I have a MF 135 with Perkins gas engine.
I've been getting coolant or water in the oil. The picture attached is after only 1 month, or 5 hours use. The oil I changed the last time was worse, but I didn't save a sample.
Since I bought this tractor 5 years ago, I've been getting a whiff of coolant now and then, but the level never seems to drop.
I only use the tractor for short times, and was wondering if these tractors get condensation in the crankcase if used only briefly, and never run long enough to evap it off? My old 9N certainly did do this.
So, I wondering maybe head gasket, or condensation.
Does anyone have an opinion, or a test I can do?
Thanks much. I love this tractor. When I drove the 9N every king pin and bushing was shot, and it sounded like a bag of hammers. This MF drives better than my car!
Cheers,
Rob


----------



## The 203 (Apr 27, 2020)

They are prone to condensation. If you run it for short run time it makes it worst. Do you live in a humid climate and have sudden temperature changes.
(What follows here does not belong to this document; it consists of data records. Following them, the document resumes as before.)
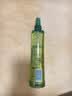 六神【止痒喷雾】经典原香花露水180ml*1 (便携喷雾 舒缓 祛味) 实拍图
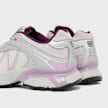 Salomon Wmns XT-Whisper beige 101787 5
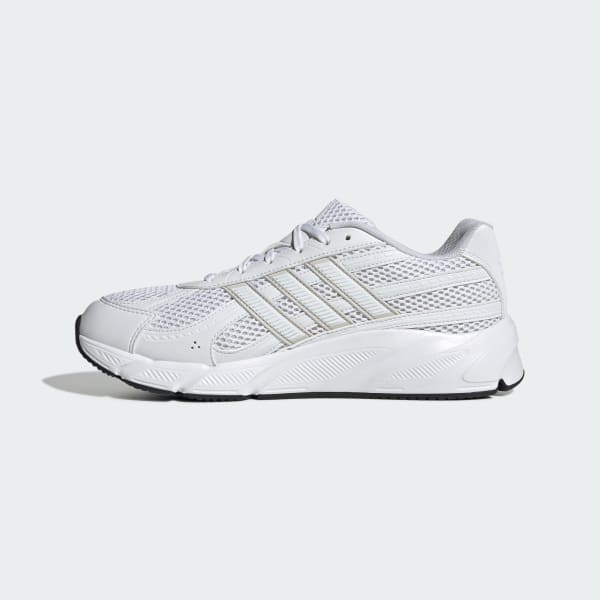Details for adidas Techno Chaos 2000 Blanco Nuboso/Gris Claro KI4229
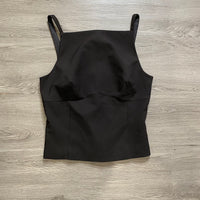 Load image into Gallery viewer, ZARA Size XXL PLUS
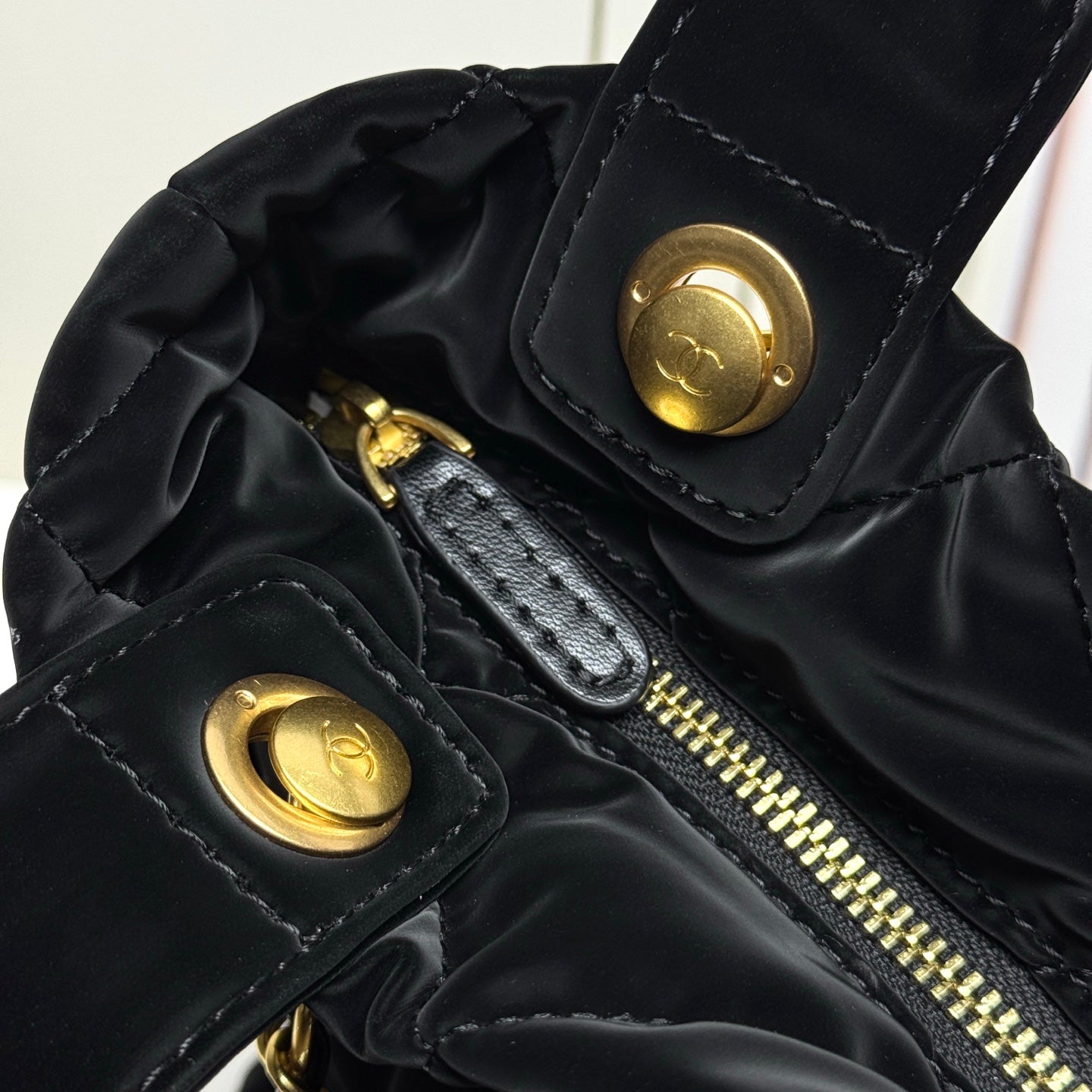 Bag / Quality: 4A / Model:5858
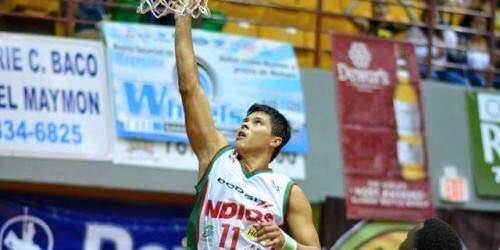 Abuelo confirma muerte cerebral de Alexander, el hijo de ‘Corky’ Ortiz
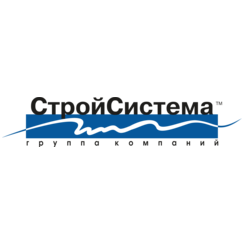 СТРОЙСИСТЕМА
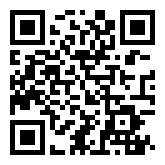 http://www.yunzhikong.cn/new/77872.html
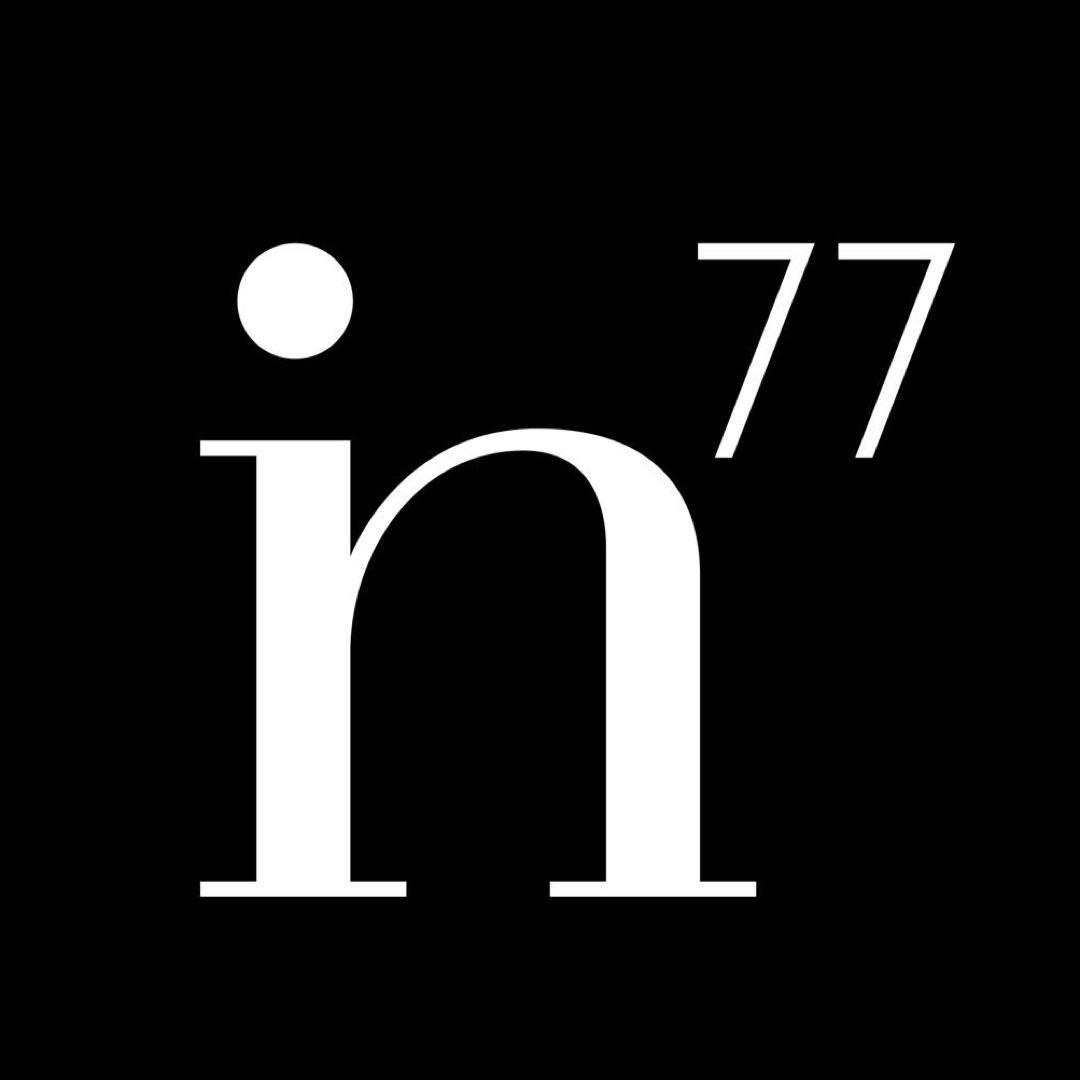 合肥银泰in77官号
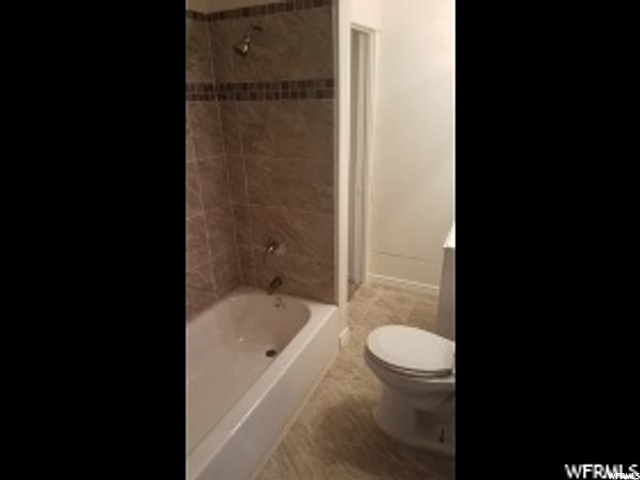 154 S 500 E, Brigham City, UT 84302 — photo 10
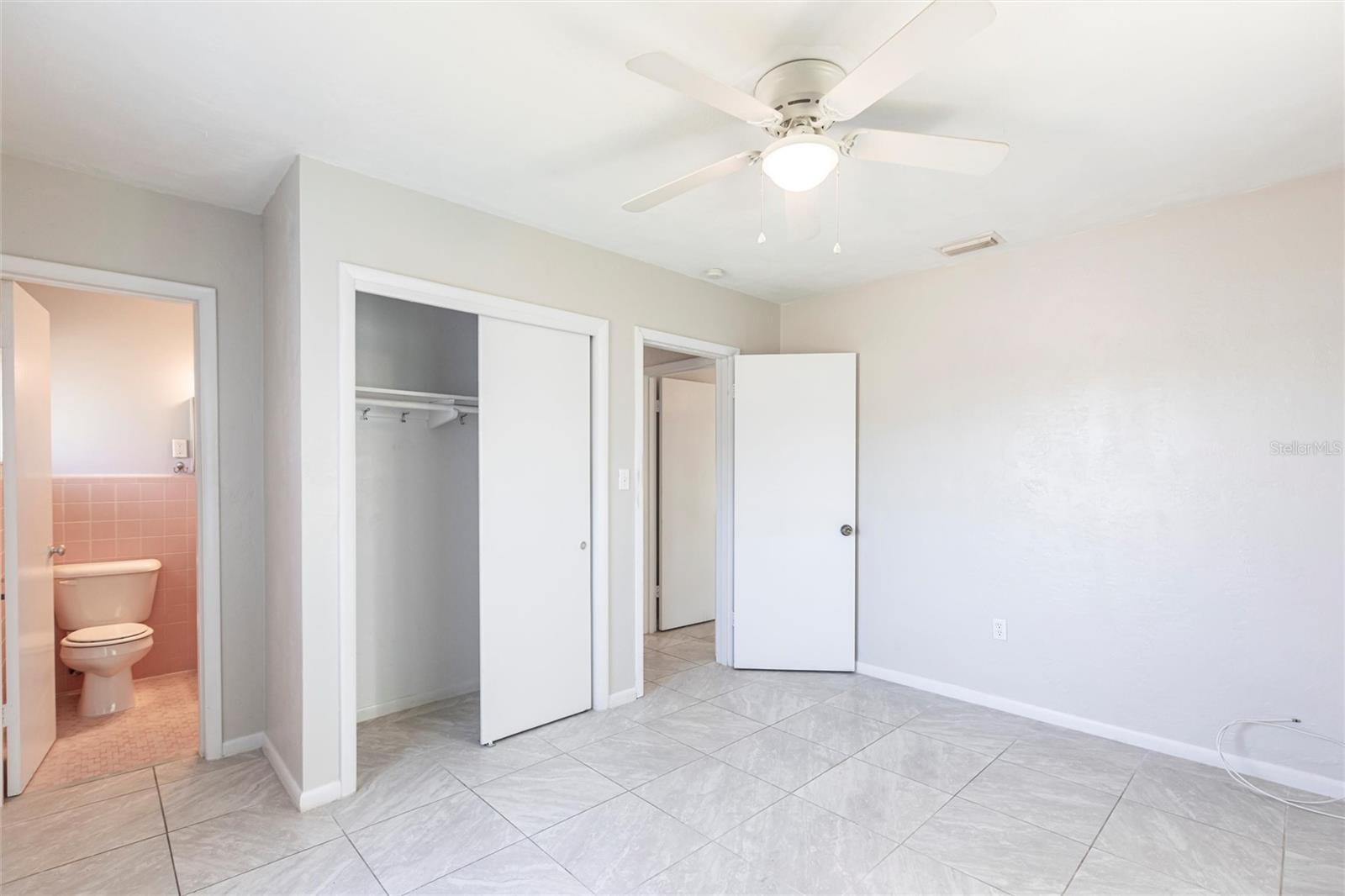 2548 STARLITE LN, PORT CHARLOTTE, FL, 33952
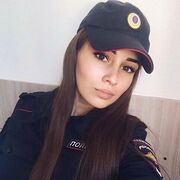  ,  , 29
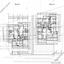 1 bedroom apartment for sale agia fyla limassol 7735118 thumbnail 10166507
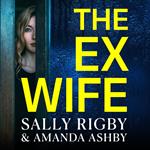 The Ex-Wife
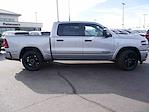 2026 Ram 1500 Crew Cab 4WD Pickup for sale #626236 - photo 23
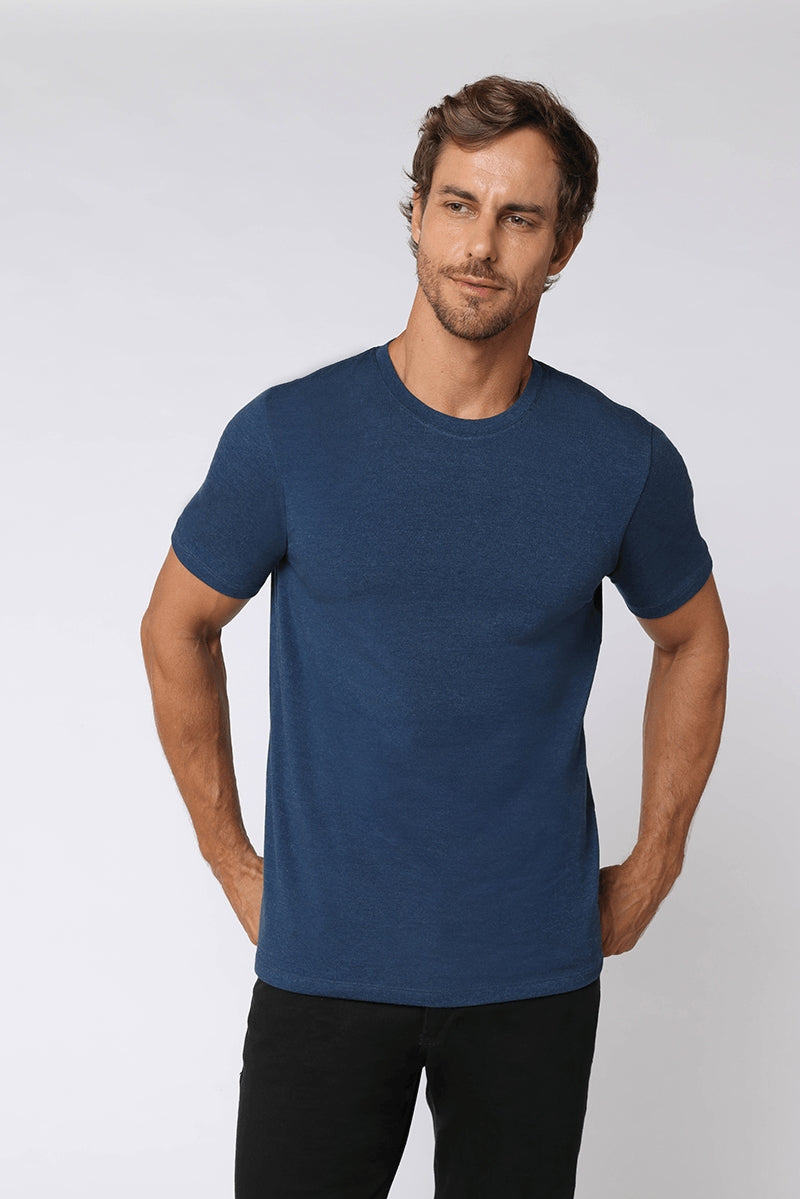 Azul Jeans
That makes cast iron sweat. A sealed engine shouldn't get snow or rain water in but if it sits outside its possible. If exhaust is vertical do you cover the exhaust while parked.
I'm new here but old to tractors.


----------



## Robert Laughton (Apr 22, 2020)

Thank you for your reply.
I do run it for short periods. The climate is not humid here in Ontario Canada.
The crankcase may not have been vented well. Some time ago, I lost the vent plug at the front of the engine where you add oil. The aftermarket replacement is like a freeze plug, that doesn't allow air to pass. I cut some grooves in it to allow venting. 
Also checking around, I noticed the owner's manual says a 7 pound rad cap, but mine had a 14. I found a 7 and tried it, but the tractor boiled over the rad with the 7.
I have low exhaust, so I don't see how rain could be the culprit. 
I ran the motor at 1500 for 45 minutes, without the vent cap, and now the oil seems better.
I'll keep an eye,
Thank you,
Rob


----------



## The 203 (Apr 27, 2020)

Part of the problem is there isn't any positive crankcase ventilation. I have read of guys connecting tubing from the crankcase vent to the air cleaner. P.V.C. As in 1960's car's.
I would add a valve inline if I did that. I don't know if that could have a negative effect. I can't think of any.
I rebuilding my 3-152 diesel. I may experiment with that. Those perkins diesels get bad blowby and condensation over time. The guys that know those diesels well say its from too much light use. Maybe ventilation would prevent that. A half inch vacuum line to the air cleaner wouldn't be hard to do. I know you have a gas engine. Same problem.
In your situation adding a half dose of bars leak coolant sealer may not hurt. If you do have a internal gasket seeping some coolant it would seal it. I have had good luck with that.
Even if its just condensation the bars leak shouldn't hurt anything. You did say your coolant level wasn't dropping so it seems more like condensation.
An engine is a perfect place to make condensation. Sucking cool air into a warm cavity and heating the air.


----------



## clark james (Jan 15, 2020)

Rob: Does your engine have a thermostat in the coolant system? Engines that do not get up to a proper temp. will have condensation problems. I don't know what would be correct, but i think at least 180 degrees. Does your engine have a place for the thermostat? N series Fords can have a thermostat in the upper radiator hose. This will also help prevent carbon buildup in gas engines. Good luck.


----------